Neles, esse direito não pode servir para abarcar e acumular terras, fábricas e
outros meios de produção industrial, comercial e bancária – considerados bens
de utilidade pública. Ou seja, não deve ser exercido de forma ilimitada, por
afetar o direito alheio. Cabe ao Poder Público limitar o direito de cada
indivíduo e empresa privada. A propriedade privada pode prejudicar a sociedade
se não for devidamente controlada e regulada, sustentava o célebre economista
britânico John Maynard Keynes (1883-1946).
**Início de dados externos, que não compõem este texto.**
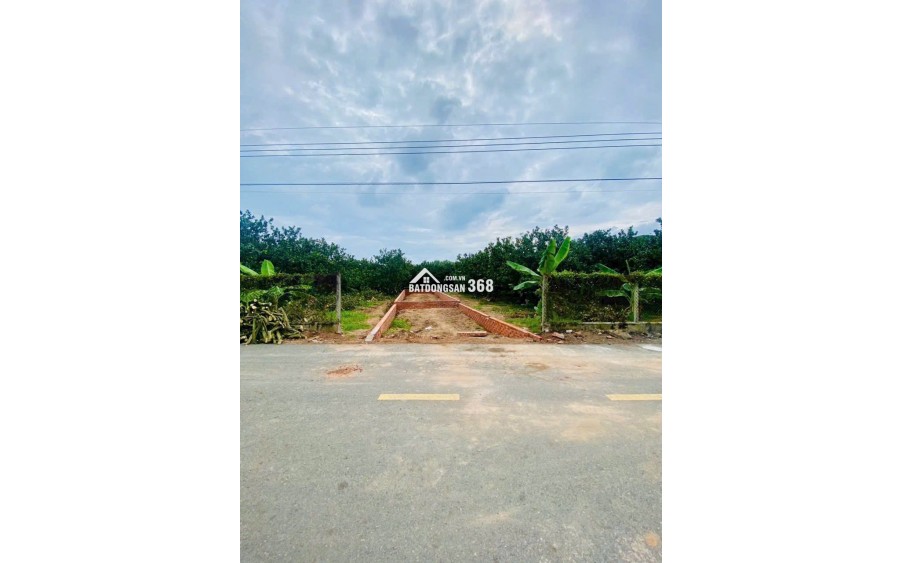  BÁN VƯỜN BƯỞI – TẶNG KÈM ĐẤT THỔ CƯ, GIÁ CHỈ TỪ 300 TRIỆU SỞ HỮU NGAY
No Brasil e numa série de países, desenvolvidos ou não, o
direito à propriedade privada é amplo, inclusivo e em especial, para pessoas e
empresas privadas. Os países de largo acesso à propriedade privada, em geral se
consideram “democráticos”. Os países que restringem a propriedade privada
costumam ser acusados de “antidemocráticos”, “autoritários” e até
“ditatoriais”. Mas isso é consideração política, não jurídica. A Carta das
Nações Unidas, base do Direito Internacional Contemporâneo, adotada em 26 de
junho de 1945 e em plena vigência – embora pouco respeitada –, estabelece o
princípio da igualdade de direitos entre as nações e da autodeterminação dos povos,
considerados como medidas apropriadas para fortalecer a paz universal. Logo,
adotar ou não a propriedade privada é um direito de autodeterminação de cada
nação. Não há uma lei internacional legitimando este ou aquele regime de
propriedade. Cada povo escolhe o que lhe parece mais conveniente.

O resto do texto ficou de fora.